Does credit card transaction details data sets help identify specific person? Do large-scale data sets of human behavior have the potential to re-identify specific user? A study of credit card data has created alarms in several quarters including for privacy advocates, showing that it takes only a tiny amount of personal information to un-cover people’s cover.
A group of data scientists analyzed credit card transactions made by 1.1 million people in 10,000 stores over a three-month period. The data set contained details including the date of each transaction, amount charged and name of the store. Although information like account number and names that would identify particular person where removed from transaction data sets, the uniqueness of people’s behavior made it easy to single them out claimed the scientists.
Study titled “Unique in the Shopping Mall: On the Re-identifiability of Credit Card Metadata” claimed that with just four random pieces of information, it was possible to re-identify 90 % of the shoppers as unique individuals and to uncover their records, researchers calculated and knowing the price of a transaction increases the risk of re identification by 22%, on average.

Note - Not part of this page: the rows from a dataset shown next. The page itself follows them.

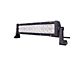 Quake LED 14-Inch Magma Series Dual Row LED Light Bar; White/Green Combo Beam (Universal; Some Adaptation May Be Required)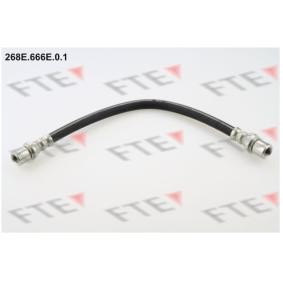 Bremsschlauch für SUBARU von FTE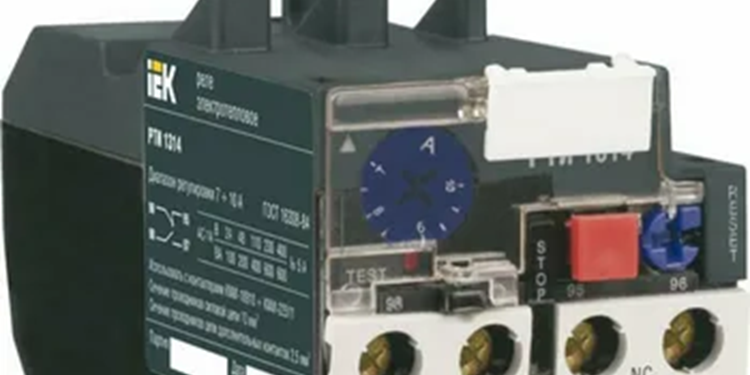 Что такое защитное тепловое реле и его особенности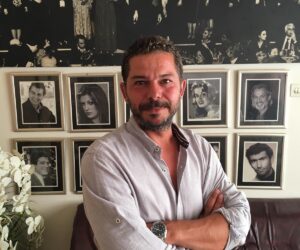 Atılay Uluışık Film-San Vakfı’nın Kurucu & Şeref Üyesi Oldu.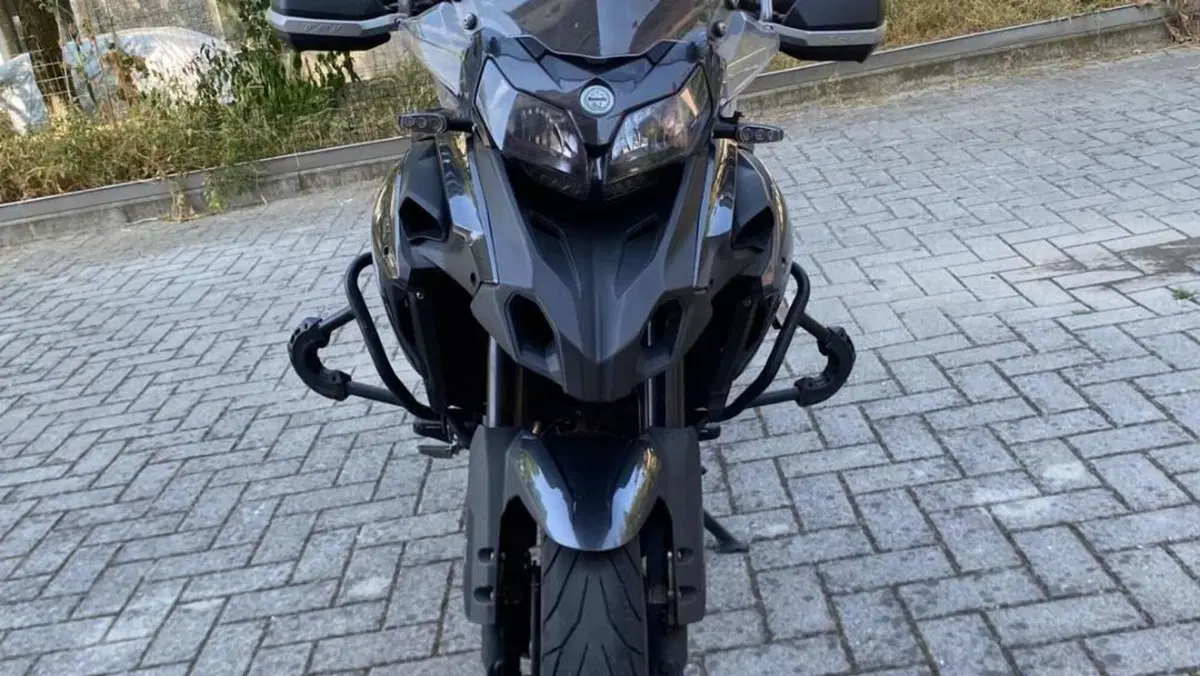 Benelli TRK 502 (2021 - 25)  (4)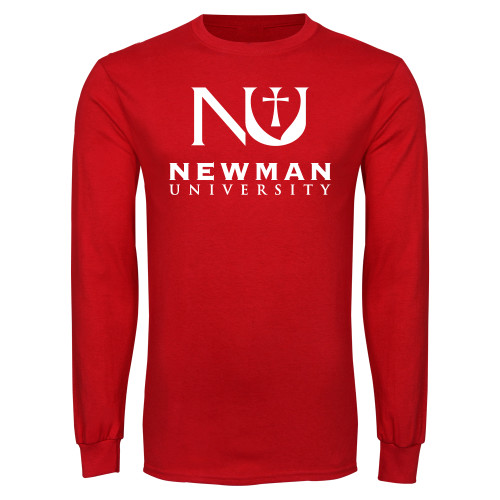 Main Image for  Red Long Sleeve T Shirt
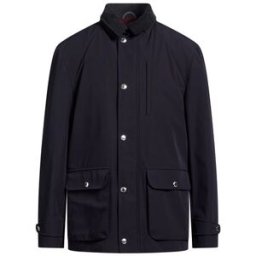 Brunello Cucinelli Giacca & Giubbotto Uomo Blu notte 46/54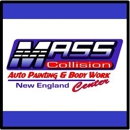 Mass Collision - Automobile Body Repairing & Painting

Also, uniqueness of behavior combined with publicly available information, like Instagram or Twitter posts, could make it possible to re-identify people’s records by name.
“The message is that we ought to rethink and reformulate the way we think about data protection,” said Yves-Alexandre de Montjoye, a graduate student in computational privacy at the M.I.T. Media Lab who was the lead author of the study. This study has bought a huge question mark over the standard methods that many companies, hospitals and government agencies currently use to anonymize their records. When it comes to sensitive personal information, “the open sharing of raw data sets is not the future,” said Yves-Alexandre de Montjoye. To reveal a person’s identity, you just need to correlate the metadata with information about the person from an outside source. One correlation attack became famous last year when the New York City Taxi and Limousine Commission released a data set of the times, routes, and cab fares for 173 million rides. Passenger names were not included. There are so many websites devoted to celebrity spotting—bloggers, with the help of these web sites it was easy to find time-stamped photos of celebrities getting in and out of taxis leading to easy finding out which celebrities paid which fares, making a reporter at Gawker re-identify Kourtney Kardashian, Ashlee Simpson and other celebrities.
So a lesson to learn for big companies and institutions, If they are to continue to make these kinds of data sets widely available, they should quantitatively attest to the risks of re-identification. A data set’s lack of names, home addresses, phone numbers or other obvious identifiers does not make it anonymous nor safe to release to the public and to third parties which could lead to break the privacy of individual.